Day 1 of Session I
It is still too hot. Sometimes it rains very hard. I think my eyelids are reacting to being sweated in or on; they feel chafed. There seems to be no end to the 80's-plus heat and matching--or higher--humidity
Last night I stood vigil at Southern New Hampshire University and not only did all four of the diggers we expected show up, we got one more I had thought was scheduled for Session II. Doug and Matt kept me company while I waited. The coordinator and I had not quite managed to plan to meet and give me keys, so the campus cop let the students into their rooms. Three of them had parents with them; I was glad I looked respectable enough. I am not sure I would have trusted me.

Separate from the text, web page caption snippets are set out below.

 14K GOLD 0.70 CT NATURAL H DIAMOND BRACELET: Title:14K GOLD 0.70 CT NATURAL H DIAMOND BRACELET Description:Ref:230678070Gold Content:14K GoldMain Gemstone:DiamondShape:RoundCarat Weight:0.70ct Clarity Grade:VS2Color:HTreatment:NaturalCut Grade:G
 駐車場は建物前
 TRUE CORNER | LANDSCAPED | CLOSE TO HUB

The dorms were insanely overheated, not having been opened up for a week or two. But everyone survived and today we got them keys (so they can leave their suite and return at will)and internet access (so they can either find out where they might go or decide not to bother).

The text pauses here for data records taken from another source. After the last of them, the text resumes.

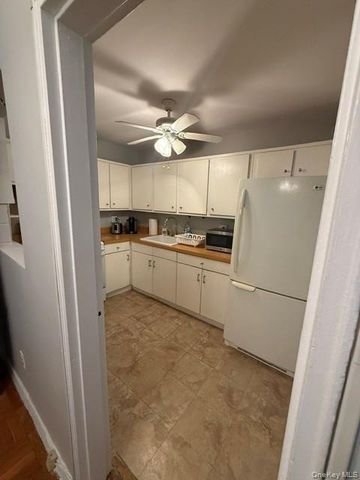 175 Archer Street 2E, Freeport, NY 11520
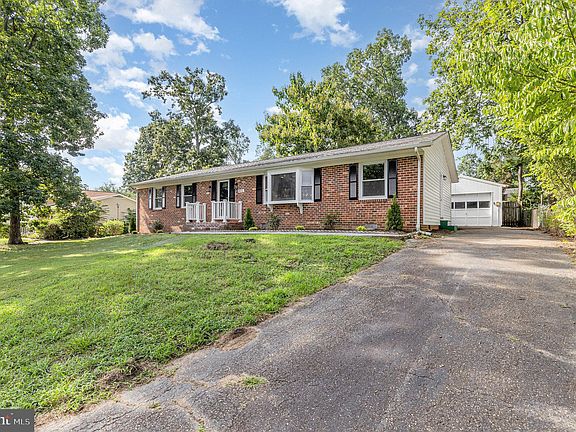 3rd image of 410 Deerwood Dr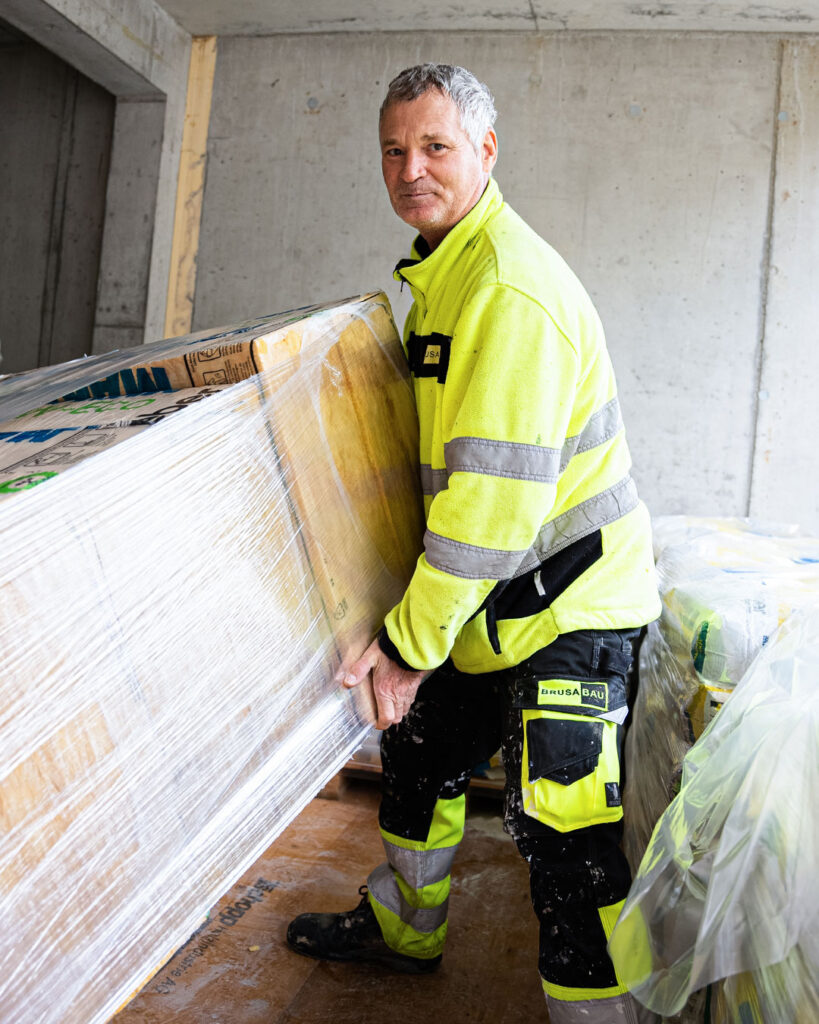 Bauarbeiter mit Baumaterial
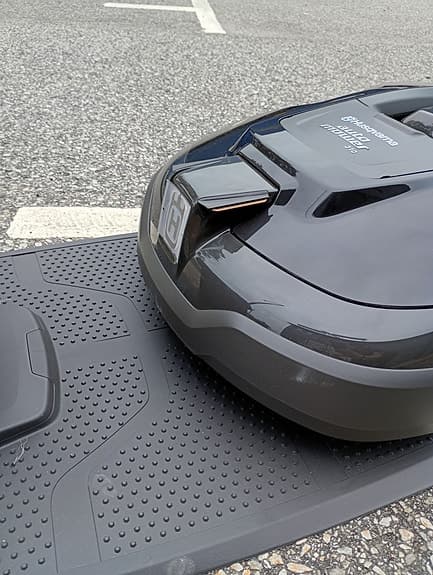 Husqvarna Automower 310 – Nyskick!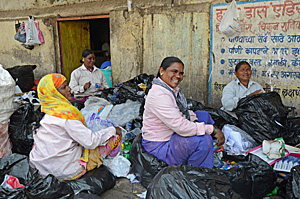 Die Mllsammlerinnen im indischen Pune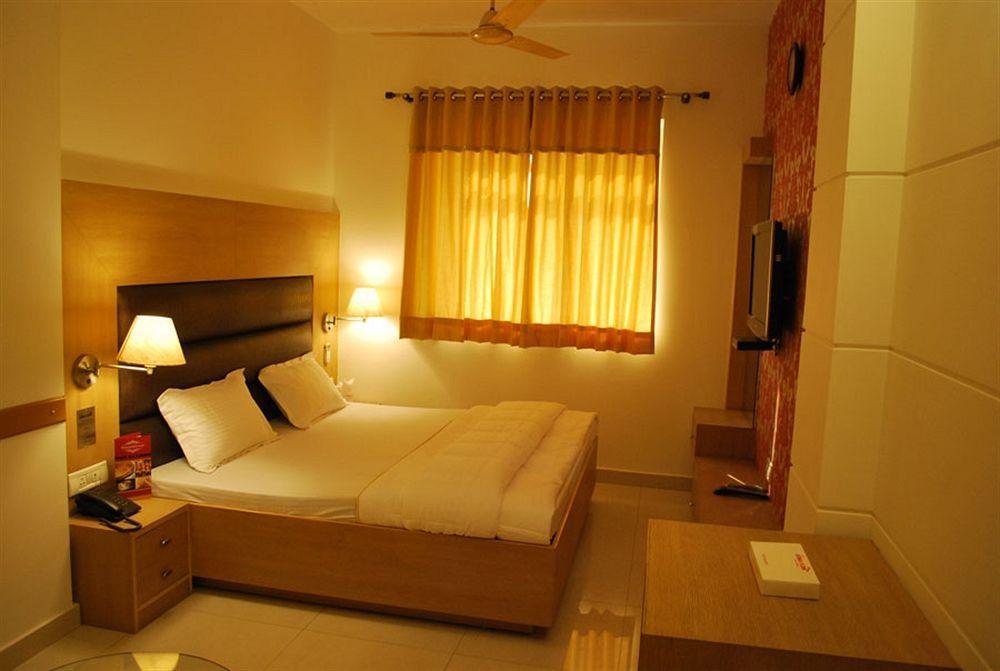 Hotel Arina Inn Neu-Delhi Exterior foto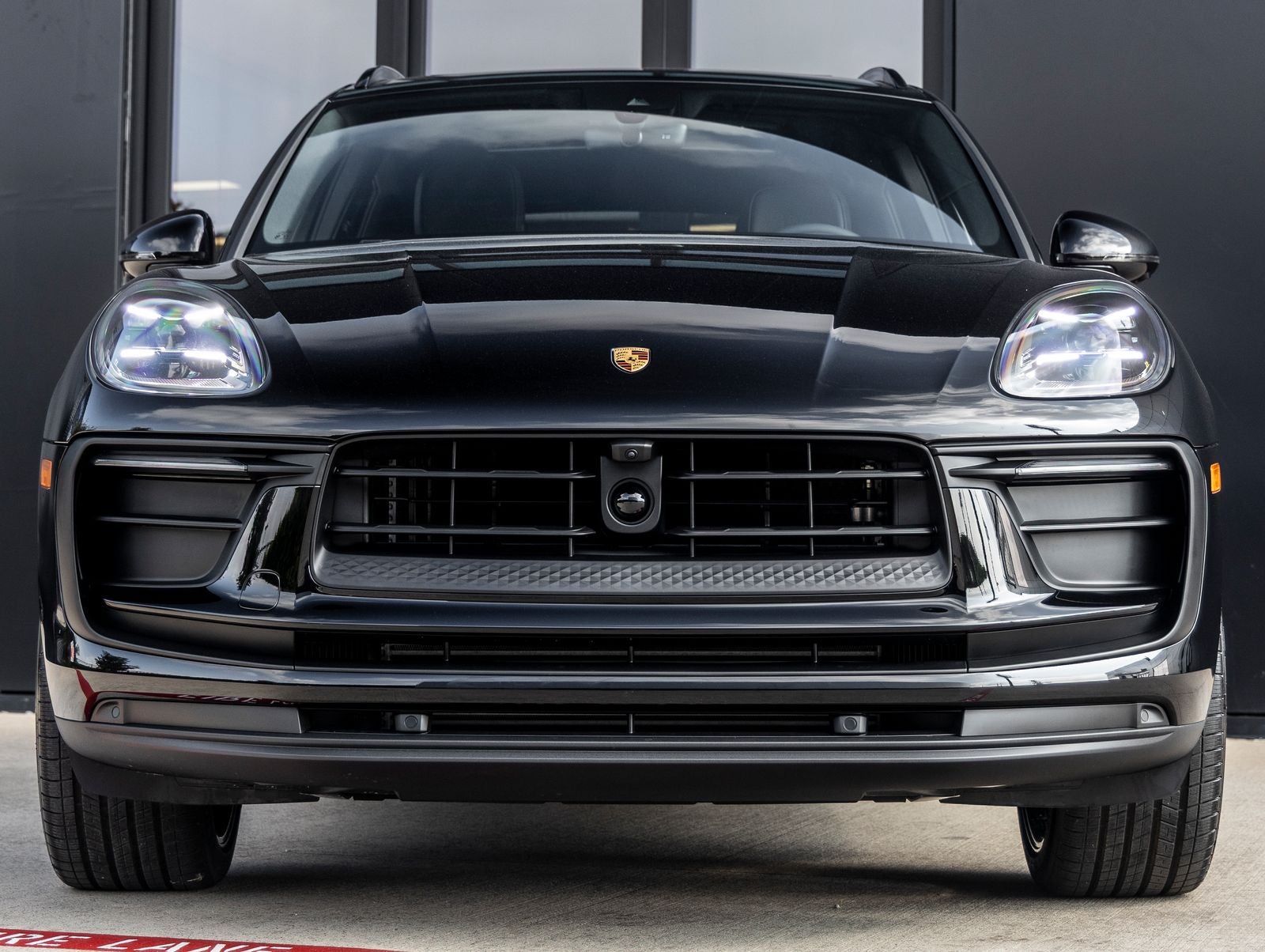 2026 Porsche Macan AWD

Most of the day, we were at the lab. There are, I believe, 15 new people, only one of whom has dug before, and no one has dug prehistoric. They were mostly high school and college students, but we have a woman retiring after 20 years as a police detective and a couple of people somewhere around my age who just wanted to try archaeology. Dick gave his "semester course in archaeological methods condensed into about two hours" speech, sort of exegesis on a unit form and a bag tag. It is an excellent speech, even though the lab was much too hot, but possibly the new part of his talk was the most interesting:
The last few years' field schools have been mostly Paleo sites with very few bones of any kind surviving that long (say ten thousand years), but there is a reasonable chance we shall encounter Native American human remains; they did on the Smyth site, up the slope. The dig protocol (http://mysite.verizon.net/ddboisvert/nevillesitewebsite/protocol.html) says that if we find someone's remains in the field, we will leave that square and go to another. NOT going through the area looking for goodies, not taking the remains and measuring the daylights out of them to find out what he or she ate or died of -- which is the way we find out something about how she lived while she was alive. Part of my affection for archaeology seems to involve witnessing on behalf of the people who are no longer around to speak for themselves -- they WERE here, they lived fairly well in circumstances I cannot imagine, they had skills I admire. For me, a very old dead body gives the person whom it once was another chance to make her or his point. And just leaving them untouched takes that chance away from them.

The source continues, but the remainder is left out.